108.Depositions of persons dangerously ill

(1)If a person dangerously ill and unable to travel is believed to be able to give material and important information relating to an indictable offence, or to a person accused thereof, the proceedings described in the next subsection may take place.

(2)If it is made to appear to the satisfaction of any justice of the peace that any such person is dangerously ill and not likely to recover from such illness, and that it is not practicable for any justice of the peace to take a deposition of such person, in accordance with the provisions of Part IV of the Justices Act 1902, the justice may take, in writing, the statement on oath or affirmation of such person, and the justice shall thereupon subscribe the same, and add thereto a statement of his reason for taking the same, and of the day and place when and where the same was taken, and of the names of the persons (if any) present at the taking thereof.

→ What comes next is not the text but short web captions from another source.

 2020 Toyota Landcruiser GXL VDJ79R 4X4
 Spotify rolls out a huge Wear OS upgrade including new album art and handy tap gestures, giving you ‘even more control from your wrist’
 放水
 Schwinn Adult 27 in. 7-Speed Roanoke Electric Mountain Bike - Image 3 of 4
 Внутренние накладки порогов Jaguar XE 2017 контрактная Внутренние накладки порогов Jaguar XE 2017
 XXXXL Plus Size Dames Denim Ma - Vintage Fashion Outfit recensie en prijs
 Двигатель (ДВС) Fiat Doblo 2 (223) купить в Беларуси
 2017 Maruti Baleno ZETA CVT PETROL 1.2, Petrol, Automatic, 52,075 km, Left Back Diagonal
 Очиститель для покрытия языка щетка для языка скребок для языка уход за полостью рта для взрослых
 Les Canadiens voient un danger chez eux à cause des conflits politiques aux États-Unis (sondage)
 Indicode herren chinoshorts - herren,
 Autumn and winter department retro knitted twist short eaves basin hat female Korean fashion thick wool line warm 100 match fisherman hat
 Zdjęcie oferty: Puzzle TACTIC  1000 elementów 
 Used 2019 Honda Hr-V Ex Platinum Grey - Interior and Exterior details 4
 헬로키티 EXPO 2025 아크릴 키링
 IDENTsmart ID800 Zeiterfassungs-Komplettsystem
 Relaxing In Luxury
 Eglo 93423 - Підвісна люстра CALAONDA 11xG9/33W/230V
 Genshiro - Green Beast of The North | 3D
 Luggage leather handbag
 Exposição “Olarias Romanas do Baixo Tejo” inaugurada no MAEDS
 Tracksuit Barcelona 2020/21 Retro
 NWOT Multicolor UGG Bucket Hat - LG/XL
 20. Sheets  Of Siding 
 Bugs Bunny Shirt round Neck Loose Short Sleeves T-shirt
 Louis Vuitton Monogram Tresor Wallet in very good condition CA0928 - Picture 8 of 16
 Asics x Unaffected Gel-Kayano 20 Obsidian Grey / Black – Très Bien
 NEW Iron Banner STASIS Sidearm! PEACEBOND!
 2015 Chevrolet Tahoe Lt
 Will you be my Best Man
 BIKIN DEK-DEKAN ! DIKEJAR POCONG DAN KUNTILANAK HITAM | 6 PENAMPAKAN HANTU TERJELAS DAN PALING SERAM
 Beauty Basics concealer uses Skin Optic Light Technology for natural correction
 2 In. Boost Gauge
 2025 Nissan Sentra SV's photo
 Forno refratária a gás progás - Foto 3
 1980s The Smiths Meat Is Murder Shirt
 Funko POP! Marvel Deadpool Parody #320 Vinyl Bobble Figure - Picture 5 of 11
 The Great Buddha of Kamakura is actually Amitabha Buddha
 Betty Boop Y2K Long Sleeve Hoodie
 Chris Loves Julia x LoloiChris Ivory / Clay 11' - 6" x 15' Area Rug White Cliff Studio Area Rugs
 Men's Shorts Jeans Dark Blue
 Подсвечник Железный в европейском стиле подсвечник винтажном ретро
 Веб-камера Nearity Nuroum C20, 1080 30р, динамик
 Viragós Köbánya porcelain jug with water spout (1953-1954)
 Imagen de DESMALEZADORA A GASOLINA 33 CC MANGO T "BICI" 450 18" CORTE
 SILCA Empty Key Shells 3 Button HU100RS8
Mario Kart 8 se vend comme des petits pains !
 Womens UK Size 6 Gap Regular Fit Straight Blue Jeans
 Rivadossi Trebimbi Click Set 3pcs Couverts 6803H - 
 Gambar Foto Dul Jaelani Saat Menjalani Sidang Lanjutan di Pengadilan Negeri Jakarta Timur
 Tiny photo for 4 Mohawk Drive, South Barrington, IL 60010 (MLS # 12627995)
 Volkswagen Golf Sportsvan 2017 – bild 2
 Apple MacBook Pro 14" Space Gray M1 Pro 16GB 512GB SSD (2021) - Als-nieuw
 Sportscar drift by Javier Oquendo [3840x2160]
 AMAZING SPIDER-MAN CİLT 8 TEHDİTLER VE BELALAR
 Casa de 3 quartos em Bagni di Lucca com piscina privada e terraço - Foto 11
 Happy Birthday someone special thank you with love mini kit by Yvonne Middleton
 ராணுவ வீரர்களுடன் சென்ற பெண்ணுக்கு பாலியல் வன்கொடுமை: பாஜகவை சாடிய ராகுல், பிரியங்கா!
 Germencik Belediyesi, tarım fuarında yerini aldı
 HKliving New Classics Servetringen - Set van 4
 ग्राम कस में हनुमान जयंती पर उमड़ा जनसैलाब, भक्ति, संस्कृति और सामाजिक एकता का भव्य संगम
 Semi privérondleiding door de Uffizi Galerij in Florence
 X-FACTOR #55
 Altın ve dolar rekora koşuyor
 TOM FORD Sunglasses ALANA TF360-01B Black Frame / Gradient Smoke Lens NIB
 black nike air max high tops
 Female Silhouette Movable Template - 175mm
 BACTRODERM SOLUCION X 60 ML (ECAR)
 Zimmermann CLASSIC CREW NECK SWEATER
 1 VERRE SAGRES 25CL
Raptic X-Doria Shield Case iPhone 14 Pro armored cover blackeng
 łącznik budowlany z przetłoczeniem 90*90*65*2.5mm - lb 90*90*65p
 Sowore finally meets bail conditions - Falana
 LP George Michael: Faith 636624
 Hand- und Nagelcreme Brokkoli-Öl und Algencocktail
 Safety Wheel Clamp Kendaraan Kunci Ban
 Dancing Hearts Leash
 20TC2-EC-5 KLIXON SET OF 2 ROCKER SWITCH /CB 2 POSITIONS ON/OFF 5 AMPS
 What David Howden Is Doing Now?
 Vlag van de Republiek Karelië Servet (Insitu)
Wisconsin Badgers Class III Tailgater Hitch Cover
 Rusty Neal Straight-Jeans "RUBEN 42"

If the deposition relates to any indictable offence for which any accused person is already committed or bailed to appear for trial, the justice shall transmit the same, with the said addition, to the proper officer of the court for trial at which the accused person has been committed or bailed; and in all other cases he shall transmit the same to the stipendiary magistrate for the district in which he has taken the same, who shall preserve the same and file it of record.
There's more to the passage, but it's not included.